▶ DATA BLOCK:
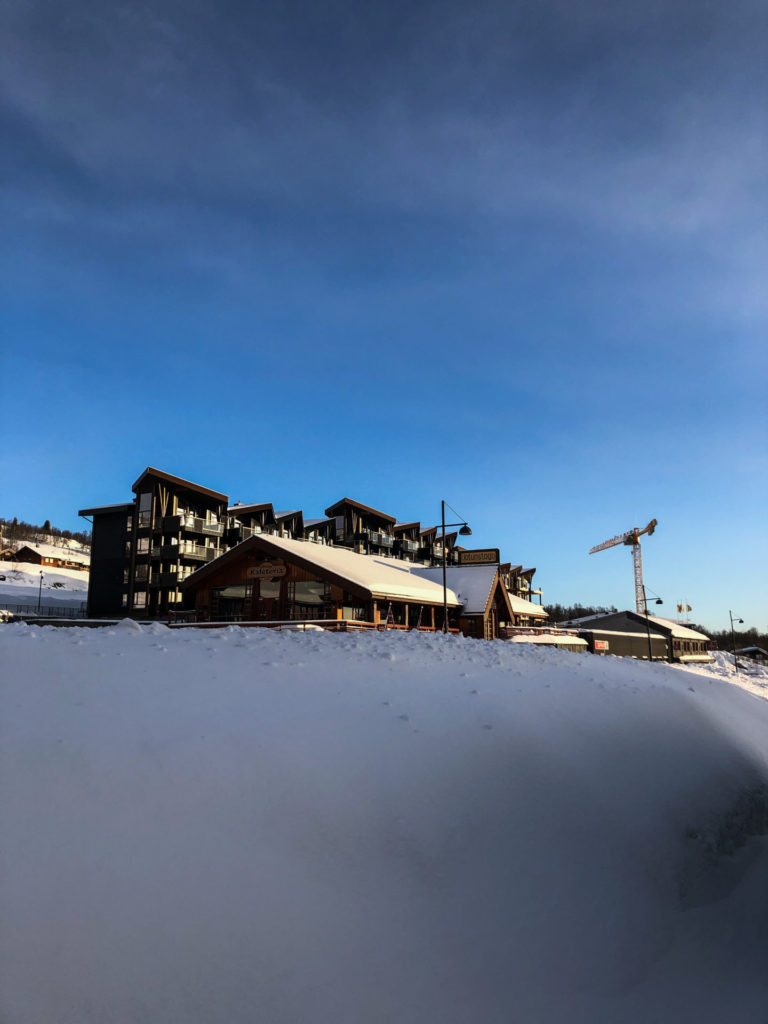 Beitstølen, Norway, ski, winter, snow, mountain, Riddertunet, blue sky,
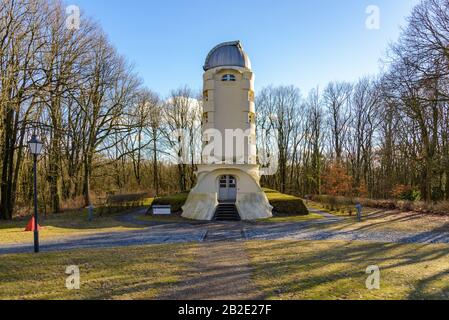 Paysage à l'extérieur de la Tour Einstein ou Einsteinturm, observatoire astrophysique, avec une atmosphère naturelle en hiver à Helmholtz-Centre Potsdam. Banque D'Images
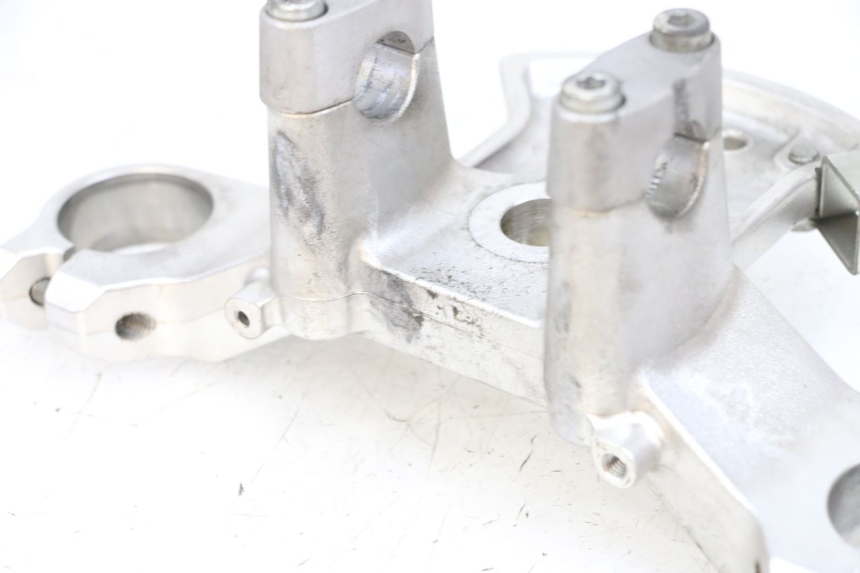 photo de UPPER FORK YOKE SUZUKI BURGMAN 650 (2013 - 2020) - Surface and material condition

▶ EXERCISE DETAILS: Reproduce the entire listing exactly, but omit any pictures.

▶ FINAL ANSWER:
 Beitstølen, Norway, ski, winter, snow, mountain, Riddertunet, blue sky,
 Paysage à l'extérieur de la Tour Einstein ou Einsteinturm, observatoire astrophysique, avec une atmosphère naturelle en hiver à Helmholtz-Centre Potsdam. Banque D'Images
 photo de UPPER FORK YOKE SUZUKI BURGMAN 650 (2013 - 2020) - Surface and material condition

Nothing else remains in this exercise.